Wednesday, June 30, 2010

Auction Donations - Paul Lo Duca

CHERUBS is very grateful for autographed baseball donated by LA Dodgers catcher, Paul Lo Duca!

From Wikipedia:

Paul Anthony Lo Duca (born April 12, 1972 in Brooklyn, New York) is a Major League Baseball catcher who was recently released by the Colorado Rockies organization. Previously, Lo Duca played for the Los Angeles Dodgers (1998-2004), Florida Marlins (2004-2005, 2008), New York Mets (2006-2007), and Washington Nationals (2008). He recently was an analyst for the TVG Network analyzing horse races.

Collegiate career

Lo Duca walked on to the baseball team at Glendale Community College (AZ) after he was not recruited or drafted out of high school. He hit .449 and .461 in his two years at the community college before transferring to Arizona State University.[1] In 1993, the one year he played at ASU, Lo Duca was named The Sporting News Player of the Year, setting school records with a .446 batting average and 129 hits. He was also named a finalist for the Golden Spikes Award and his 37-game hitting streak is the second longest in school history. He was named ASU On Deck Circle Most Valuable Player; other winners include Dustin Pedroia, Willie Bloomquist, Ike Davis, and Barry Bonds.[2]
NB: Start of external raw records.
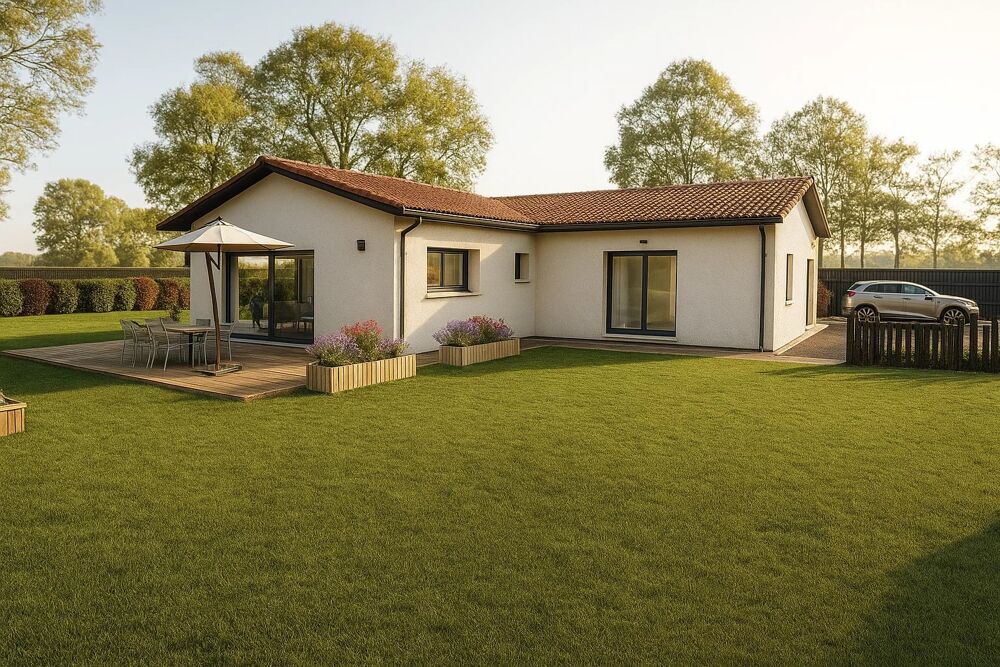 Vente Maison Maison neuve 90 m² + terrain à Montrond-les-Bains – 3 chambres – Montrond-les-bains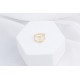 Glorria 925k Sterling Silver Personalized Letter Ring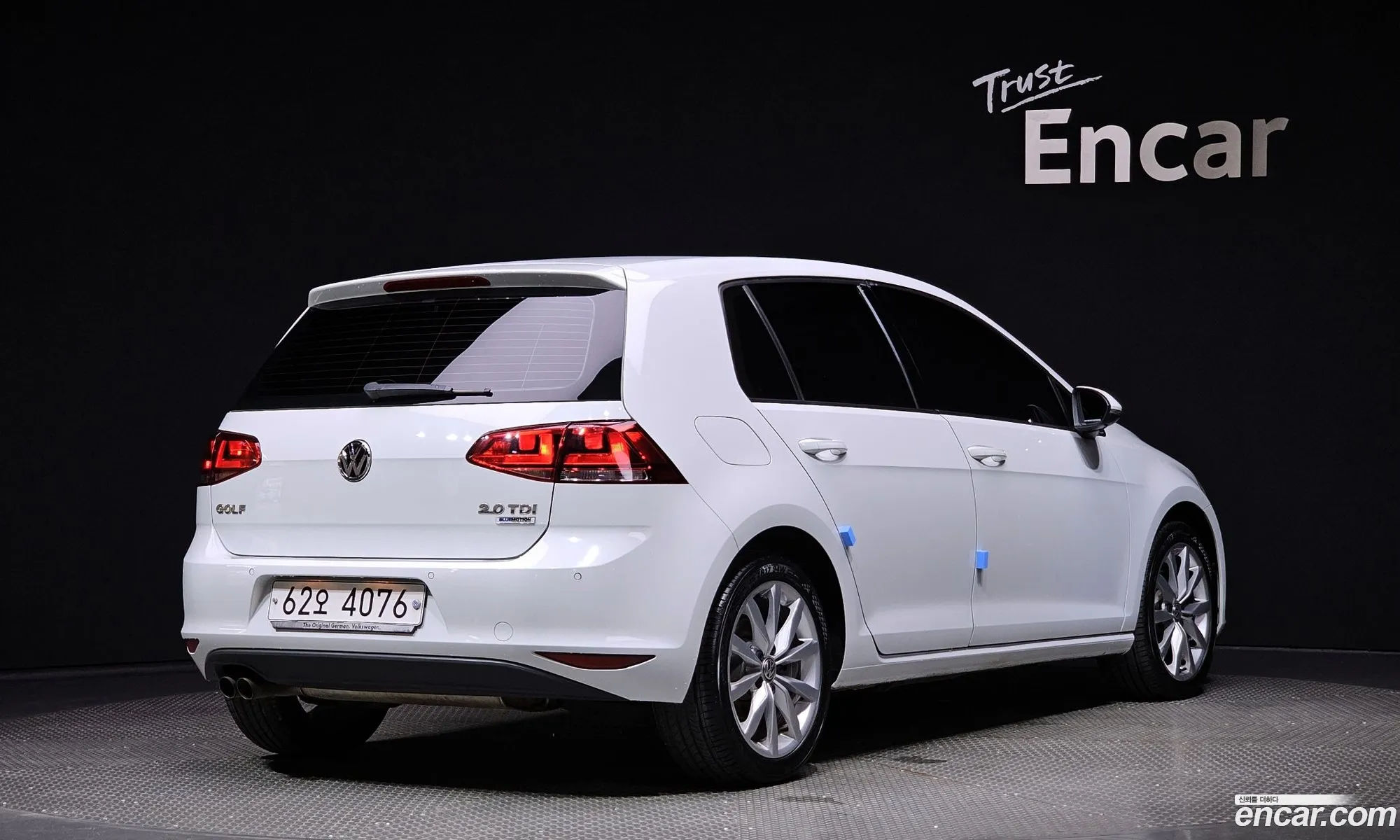 Volkswagen Golf 7Th Generation 20 Tdi - фотография 8191779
[edit] Professional career

Despite his college success, Lo Duca spent many years in the minor leagues after being drafted in the 25th round of the 1993 Amateur Draft. He spent the 1995 off-season abroad with the Adelaide Giants in the Australian Baseball League,[3] but finally achieved a breakthrough year with the Los Angeles Dodgers in 2001 at age 29. Lo Duca drew comparisons to Dodgers predecessors Mike Scioscia and Mike Piazza -- all three were capable and popular everyday catchers who were homegrown through the Dodgers' organization, and all three are of Italian-American ancestry. Lo Duca's primary strength is as a contact hitter, like Scioscia, but unlike the power-hitting Piazza.

Since becoming an everyday big league player, Lo Duca has named to four All-Star Games. In 2002, he was one of the best contact hitters in the majors – only Jason Kendall struck out less often and no one had a better percentage of swings and misses.[4] In 2003, Lo Duca's 25-game hitting streak was the second longest in Dodgers history and defensively he ranked first in the National League in throwing out baserunners. In 2004, he led National League catchers in RBI. In the field in 2004, he allowed 93 stolen bases, more than any other catcher in Major League Baseball. He was traded from Los Angeles along with Juan Encarnacion and Guillermo Mota to the Marlins for Hee Seop Choi, Brad Penny, and minor league pitching prospect Bill Murphy at the 2004 trading deadline and was later traded to the Mets for two minor league prospects, pitcher Gaby Hernandez and outfielder Dante Brinkleys. This was part of a Marlins "market correction" where most of their large salaries were traded away after the 2005 season.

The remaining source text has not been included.